Dejó el lecho y abrió el armario. Buscó una bata y se la puso. Después se calzó las chanclas y bajó al primer piso. Pasó de largo y vio a su madre en la cocina. Apenas la saludó. Enseguida abrió una puerta que daba al patio de ropas. El frío de la mañana lo hizo frotarse las manos con insistencia. Con sus ojos empezó a escudriñar algo que no sabía bien qué era, algún indicio del ave que lo había despertado. Miró en varias direcciones. Nada. Tan solo los cilindros de gas de cien libras, un trapeador y una escoba, la caneca de la basura, varias camisas extendidas en una cuerda de nylon lavadas el día anterior. Hasta creyó ver algo sobrenadando sobre la poceta del lavadero. Ansioso dio unos pasos hasta la alberca de cemento pero nada. El mismo espacio, las mismas tejas de plástico, las mismas materas con las mismas flores.
Abandonó el patio y cerró la puerta tras de sí. Su madre ya venía con el primer plato del desayuno.
—Y eso, mijo, ¿qué andaba buscando?
—Nada, vieja. Es que esta mañana me pareció escuchar el canto de un pájaro, al lado del lavadero.
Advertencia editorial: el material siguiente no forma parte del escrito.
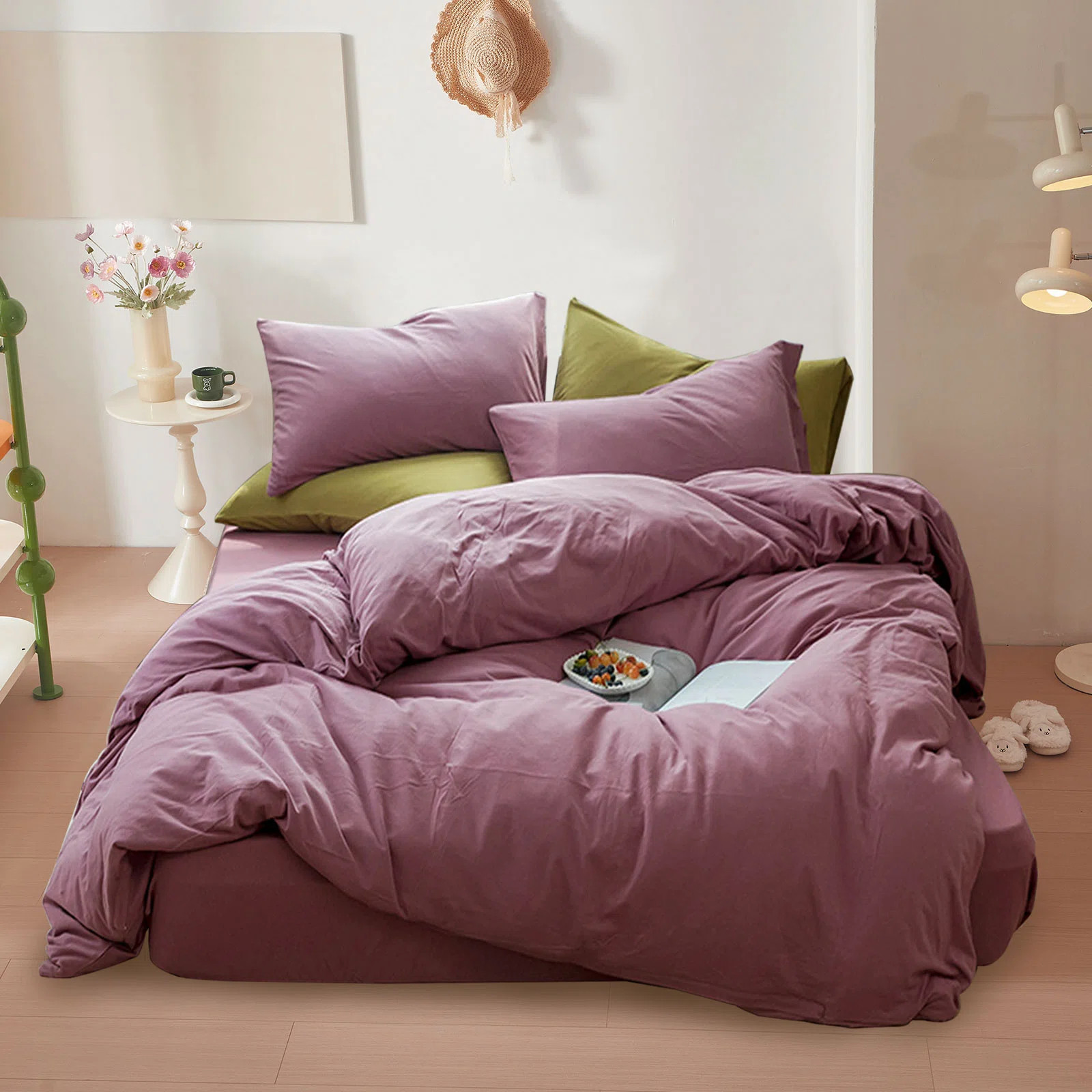VCLIFE Luxury Soft 100% Cotton Duvet Cover Set | Wayfair North America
La madre colocó el plato de fruta sobre la mesa y, luego, con un tono cariñoso le hizo un reproche al hijo:
—No salga así caluroso a la brisa, que eso, aunque usted no lo crea, le hace daño.
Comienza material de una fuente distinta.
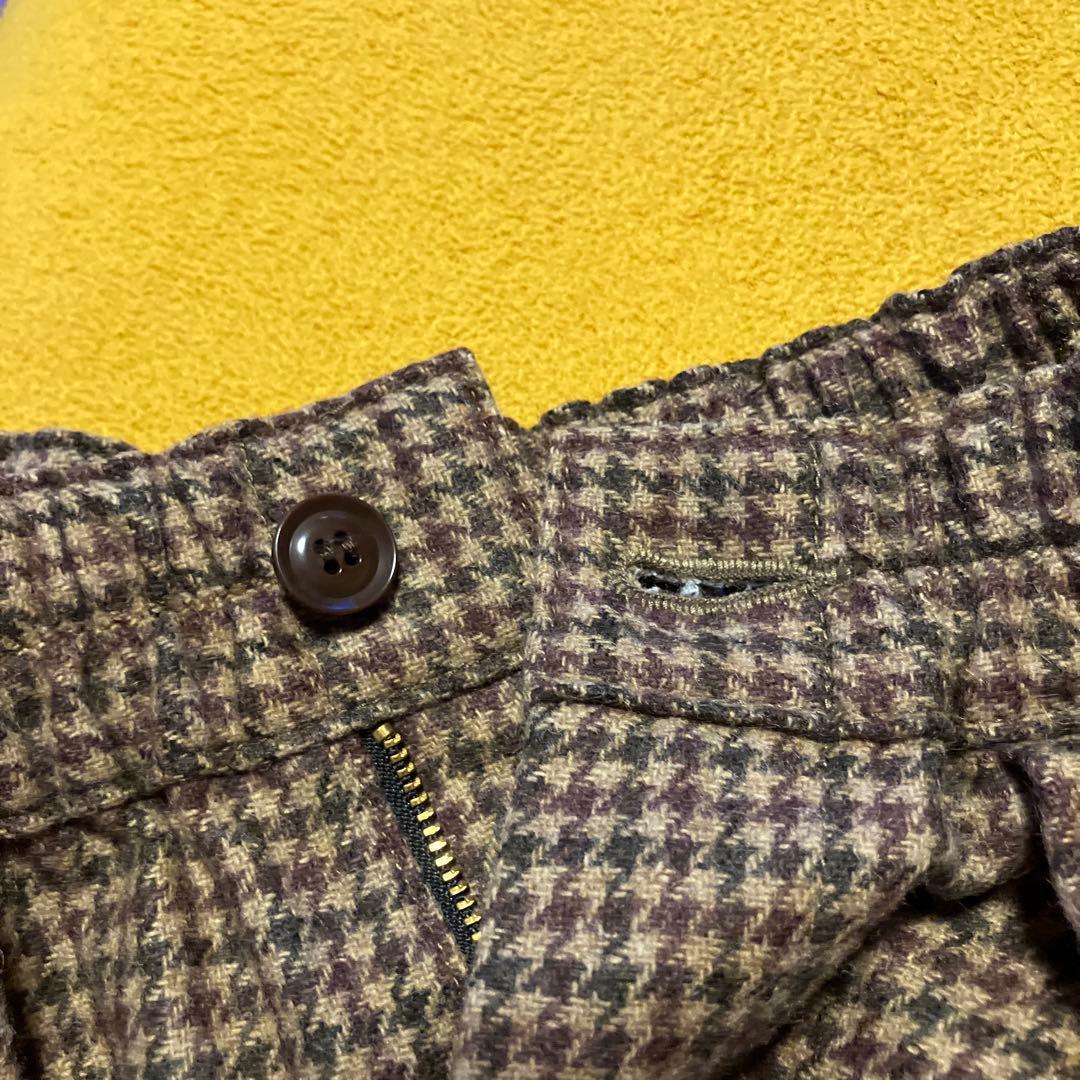 HARVESTY ハーベスティ サーカスパンツ ウール チェック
Fernando, sonriendo, tomó asiento. Sin mirar a su madre llevó con un pequeño tenedor el primer pedazo de alimento a su boca. Su paladar sintió con regocijo la frescura de la fruta y tuvo la certeza de probar la más dulce de todas las papayas.
Rodolfo Alberto López D dijo:
Qué narración tan delicada, profunda, bien estructurada y sugestiva…Cuántos hilos, casi imperceptibles, gobiernan nuestra vida. Cómo a partir de un trino, un trozo de papaya o el aroma de un té, cobra la vida toda su plenitud y sentido.
Felicitaciones y mi más rendido respeto al narrador.
Rodolfo.
fernandovasquezrodriguez dijo:
Rodolfo, gracias por tu comentario. A veces pienso que la fuerza de la narrativa, por no decir de la literatura, está en su capacidad para convertir lo más nimio de una vida humana en una amplia constelación de símbolos y lecturas infinitas.
Pilar Cruz dijo:
Profesor.
En alguna oportunidad recomendó un libro para aquellos que estamos próximos a los cincuenta años. Por favor me recomienda el nombre?
Gracias
Pilar Cruz
fernandovasquezrodriguez dijo:
Pilar, gracias por tu comentario. El libro al que me refería se titula: La mitad de la vida como tarea espiritual. La crisis de los 40-50 años de Anselm Grün, publicado por Narcea. Ojalá te ofrezca pistas existenciales o te lleve a reflexionar sobre tu proyecto vital.
ELVIA OMAIRA GÓMEZ RAMÍREZ dijo:
FERNANDO.
Gracias por tus escritos. ¡Tocan la fibra más íntima de mi corazón!
Al igual que tú, advierto “la presencia juguetona de mi madre” en la danza festiva y el trinar de un hermoso pájaro que visita mi ventana cada día. Esté donde esté: estudio, oración,… salgo y entablo una conversación con él, como si hablara con ella.
fernandovasquezrodriguez dijo:
Elvia Omaira, gracias por tu comentario. Hay presencias que viven a sus anchas en el espacio azul de nuestros recuerdos. Y que sólo nuestro amor o el amor infinito de esos seres nos permiten entender sus trinos cadenciosos.